The decision was made after several developers spoke against the bylaw during a public input session, Nov. 5.
Mayor Peter Brown and aldermen Allan Hunter, Ron Chapman, Kelly Hegg and Murray Buchanan voted in favour of tabling the bylaw to allow more discussion. Aldermen Fred Burley and Glenda Alexander were against the tabling motion, made by Hunter.
“I suggest tabling it for 30 days to have more input from stakeholders, (so the City can) come up with something more fair and equitable and more palatable to the development industry,” said Hunter.
If approved, the bylaw would see levies and contributions - charges applied to new developments to fund necessary services such as water, sewer and roads – increase from $62,000 per acre to $78,800 per acre.
That number raised concern for several developers, including Trevor Sholdice of Melcor Developments.

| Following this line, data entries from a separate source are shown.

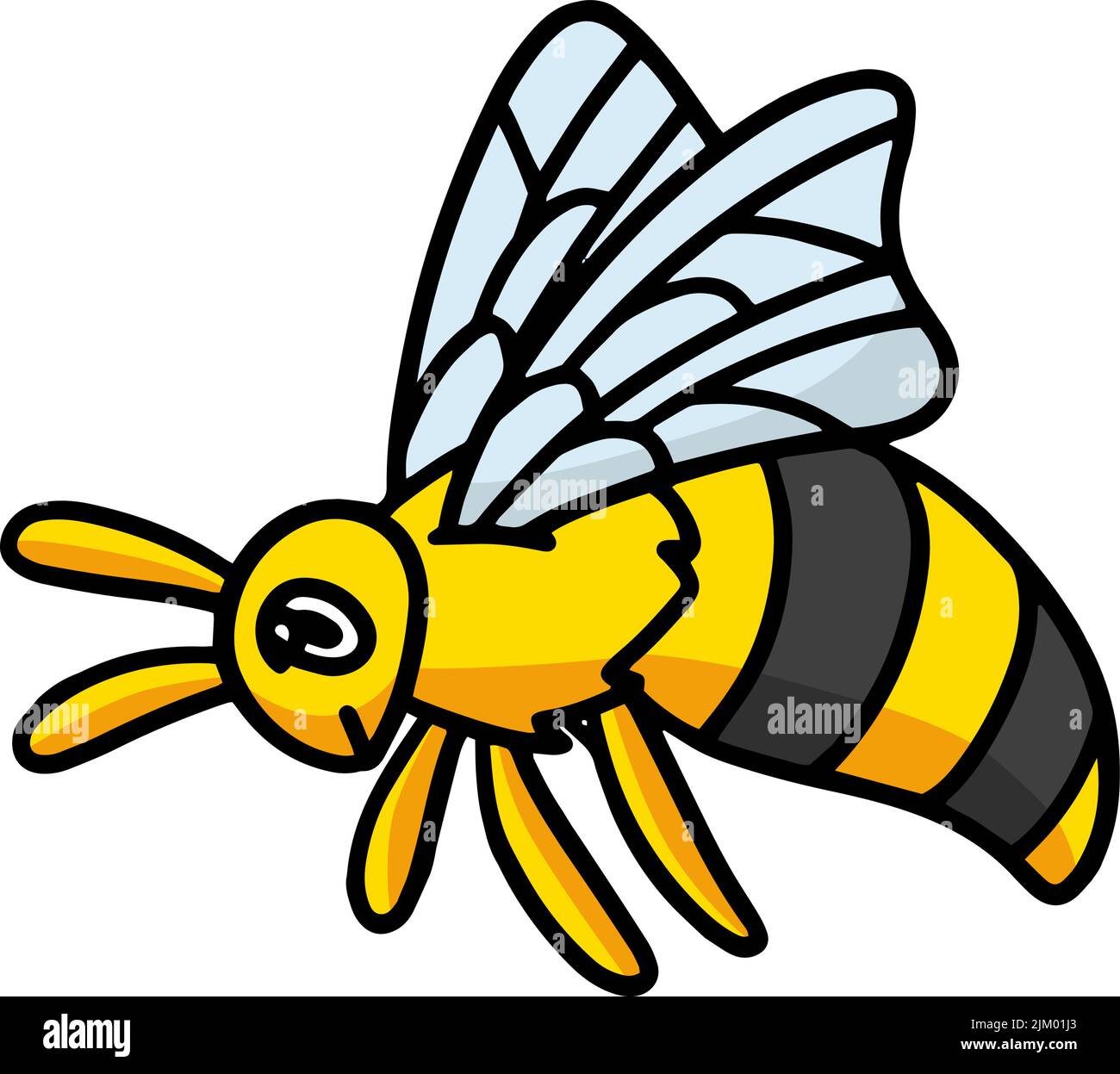 Bee Animal Cartoon Coloured Clipart Illustrazione Illustrazione Vettoriale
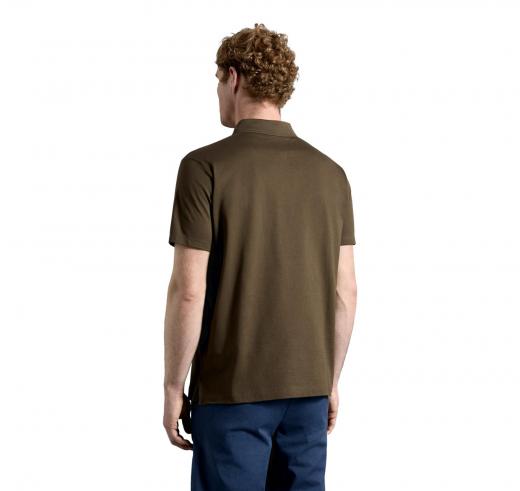 PAUL SHARK Polo Cotone Organico Pique Con Shark Badge C0P1013 132 Colore Verde Oliva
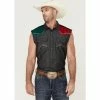 Brand new 🥰 Cody James Men's Mexico Flag Eagle Bubba Sleeveless Snap Western 👕 Shirt Charcoal 🔔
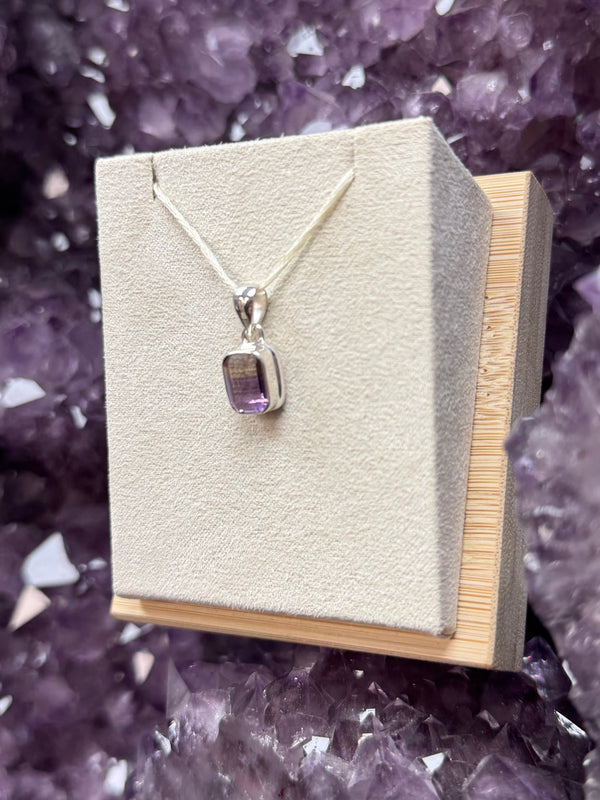 Faceted Natural Ametrine Sterling Silver Pendant - A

“Melcor recognizes the need for improved infrastructure as the city grows,” he said. “We at Melcor are prepared to pay our fair share. We must keep tabs on the increase in off-site levies… the increased costs are passed down to the homebuyers, many of whom are struggling.”
Sholdice added the proposed levies were determined largely by City staff.
“They tell you they have addressed our concerns, but they haven’t,” he said.
According to Lorne Stevens, Airdrie’s director of community infrastructure, the City began discussions with the industry regarding the off-site levies last December.
“It has taken until today… to get where we are,” said Stevens. “This isn’t something that has occurred over a month or two.”
The City’s position, spelled out in the Airdrie City Plan, is that growth must pay for itself. The City last reviewed off-site levies in 2010.
At that time, levies were set at about $60,000 per acre and reset to about $62,000 to follow inflation in 2011. Rates did not increase in 2012, according to Stevens.
In February, the City hired BSEI Municipal Consulting Engineers to complete a review and report on off-site bylaws.
The company’s analysis considered servicing requirements to support populations of 60,000 and 80,000 and identified the projects that would be needed.
Concerns outlined by developers over the bylaw include fair allocation of costs, erosion of Airdrie’s competitive advantage, the potential impact of proposed Calgary water/wastewater acreage assessments, the issue of a proposed public facilities contribution and implementation timing.
Michael Flynn, executive director of Calgary’s Urban Development Institute (UDI) of which a number of Airdrie developers are a members, spoke against the bylaw.
“Our members do believe it is appropriate to make some contributions, but the numbers proposed are somewhat high,” he said. “I think this can be resolved relatively quickly with the right dedication on both sides.”
Flynn said the UDI takes issue mainly with the public facility contribution, a voluntary contribution proposed to be set at about $15,000 per acre to cover the cost of building new recreation and community facilities such as firehalls, libraries, arenas and RCMP buildings.
The City of Calgary recently adopted levies and development charges in the range of $129,000 per acre.
Burley said he voted against the motion to table the bylaw because the discussion has gone on long enough.
“It’s time to settle this,” he said. “It’s been a year.”
Council will once discuss the bylaw Dec. 4 meeting, at City Hall at 7 p.m.